The bill prompts the Coastal Resources Management Council to review its water type designations and climate change adaptation regulations.

But lawmakers said they were delaying the vote pending some additional amendments to the legislation; traditionally a sign in the General Assembly that the legislation might not have enough votes to pass.

A spokesperson for House Speaker Joe Shekarchi, D-Warwick, told ecoRI News just minutes before the legislation’s House vote that the bill was “being delayed while potential amendments are being worked on.”

“The amendments are still being worked on,” said Larry Berman, director of communications for the speaker’s office, when ecoRI News asked for details on potential amendments.

The legislation includes a new, seven-member, politically appointed advisory committee to review the water designations.

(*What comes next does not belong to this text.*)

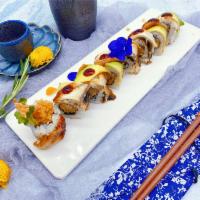 S4. Tomo Roll · 8 pieces. Shrimp tempura with eel and avocado outside.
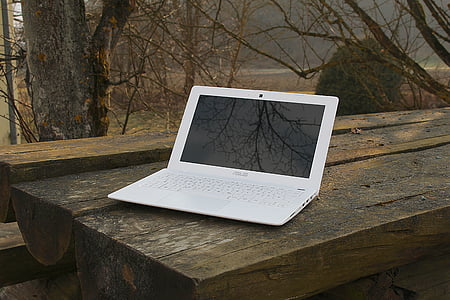 white Asus laptop computer on table thumbnail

It would include a representative from the Rhode Island Commerce Corporation, a representative from the building trades, two municipal planners from coastal communities (to be appointed by the head of each General Assembly chamber), an environmental organization, a Department of Environmental Management designee, and a CRMC chairperson designee.

Environmental groups oppose the legislation, seeing no need to revise the water types, especially when the question of agency reform and CRMC dysfunction remain unresolved.

Jed Thorp, director of advocacy for Save The Bay, told ecoRI News that the bill was unnecessary.

“This is going to create a ton of work for an already understaffed and under-resourced agency, at a time when you know they have bigger issues to be focused on right now,” Thorp said in a rercent phone interview. “I would say this is legislative overreach.”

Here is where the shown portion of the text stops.